Apesar de seu mandato só terminar no ano que vem, José Maria Marin pode deixar a presidência da CBF ainda no segundo semestre, dependendo do que acontecer na Copa do Mundo, seja em termos de organização, seja em relação ao desempenho do Brasil.

Se a Seleção for um fiasco, não está descartada a hipótese de passar o bastão a Marco Polo Del Nero, vice mais velho da entidade e presidente eleito para o período 2015-2018.

Publicamente, porém, Marin não fala nessa possibilidade e insiste que confia que o Brasil será mais uma vez campeão mundial.

Del Nero, que ganhou a eleição quarta-feira, quer mudar uma série de procedimentos na CBF e levar a entidade à era da informação. Ao vencer a eleição, reclamou da morosidade da confederação na comunicação com os clubes, o que levou a um impasse (e a uma liminar) sobre os quatro melhores da Série B do ano passado.
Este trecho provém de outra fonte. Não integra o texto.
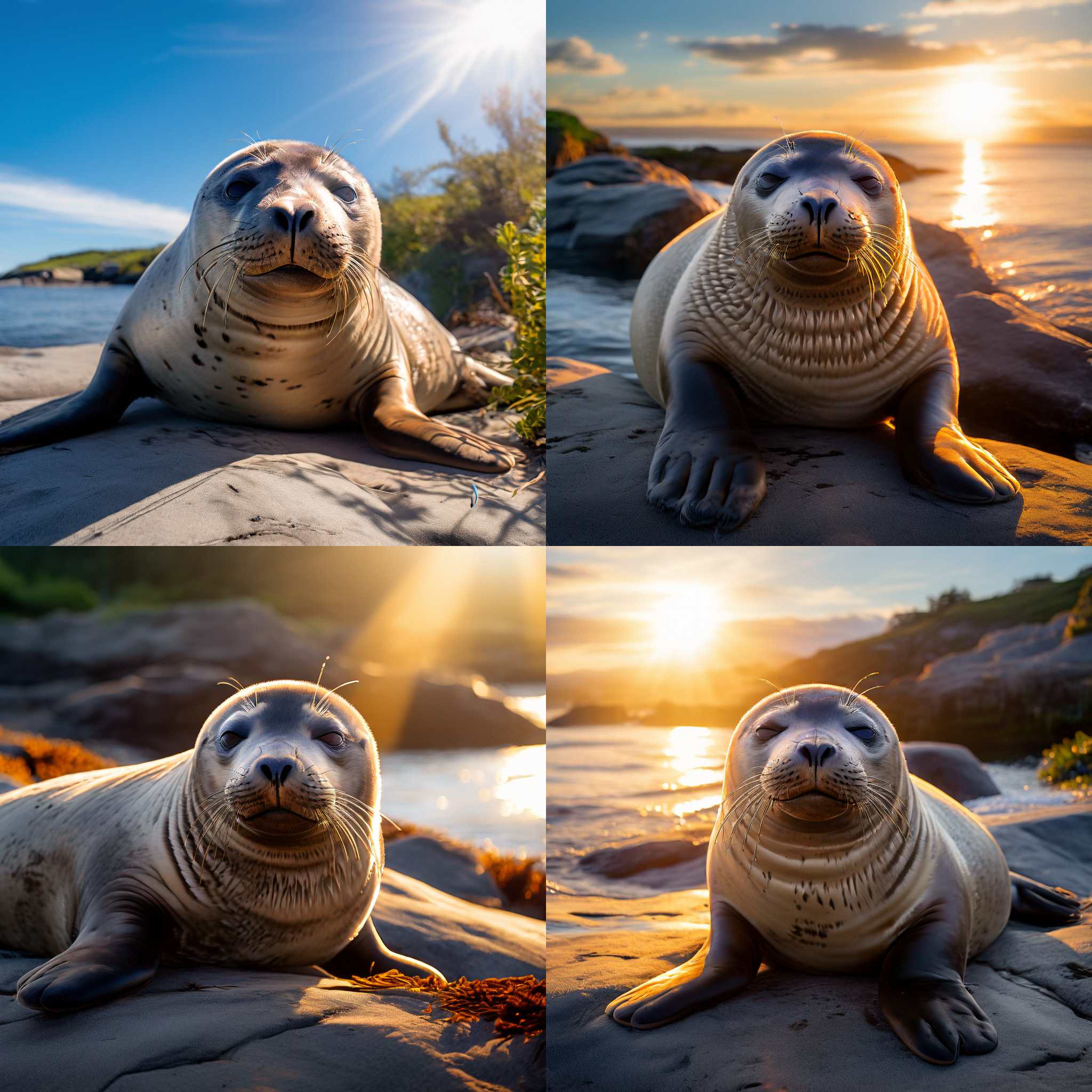 A sunbathing seal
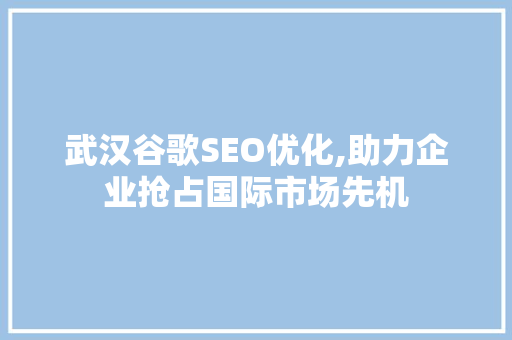 武汉谷歌SEO优化,助力企业抢占国际市场先机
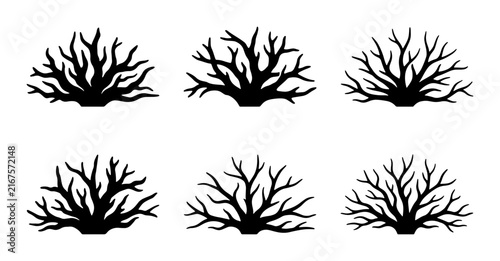Six Silhouette Bush Icons, Minimalist Branching Plant Graphics, Stylized Tree Elements, Simple Outdoor Nature Vector Set, Black and White Botanical Illustrations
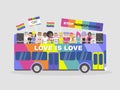 LGBTQ parade. Homosexuality. Equality. Diversity. Colourful double decker bus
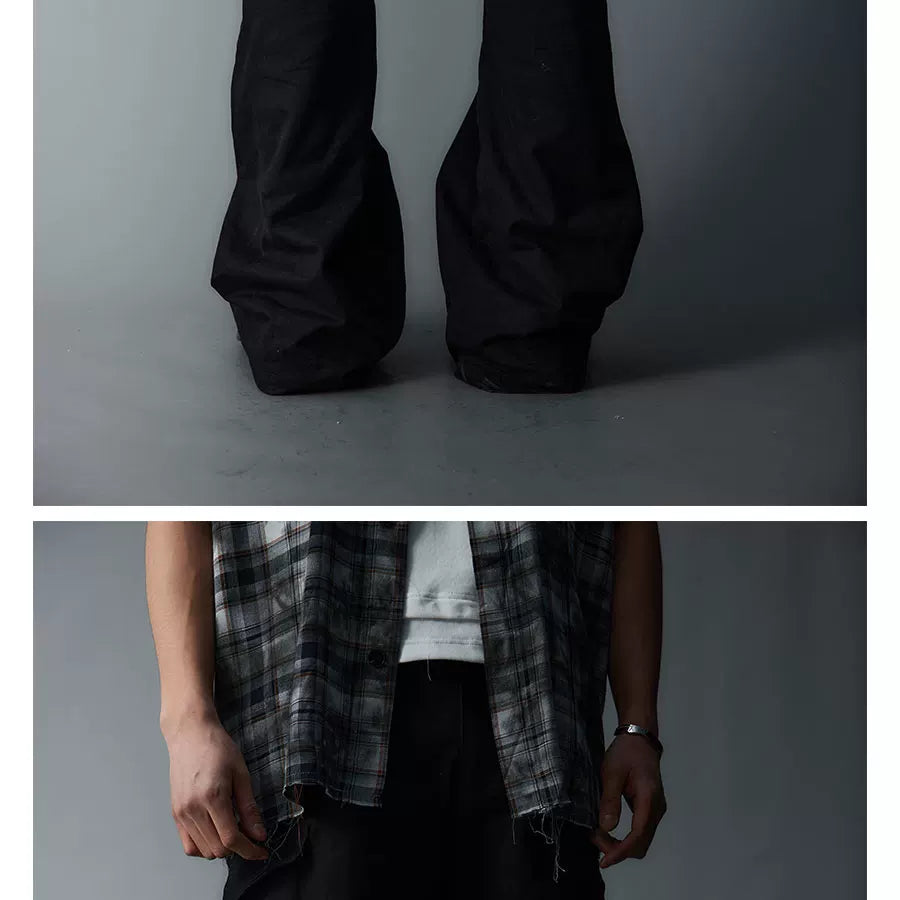Adjustable Zipper Flared Baggy Cargo Pants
Não custa lembrar que a eleição foi antecipada para antes da Copa justamente para não pegar o efeito do Mundial. Ricardo Teixeira, que acabou renunciando à presidência, temia que possível fracasso do Brasil em campo atrapalhasse a situação a eleger seu candidato.

Marin, mesmo que passe o bastão, formal ou informalmente, a Del Nero logo após a Copa, seguirá como vice mais velho do presidente eleito. Outro dos vices é Fernando Sarney, filho de José Sarney, e aliado da dupla paulista.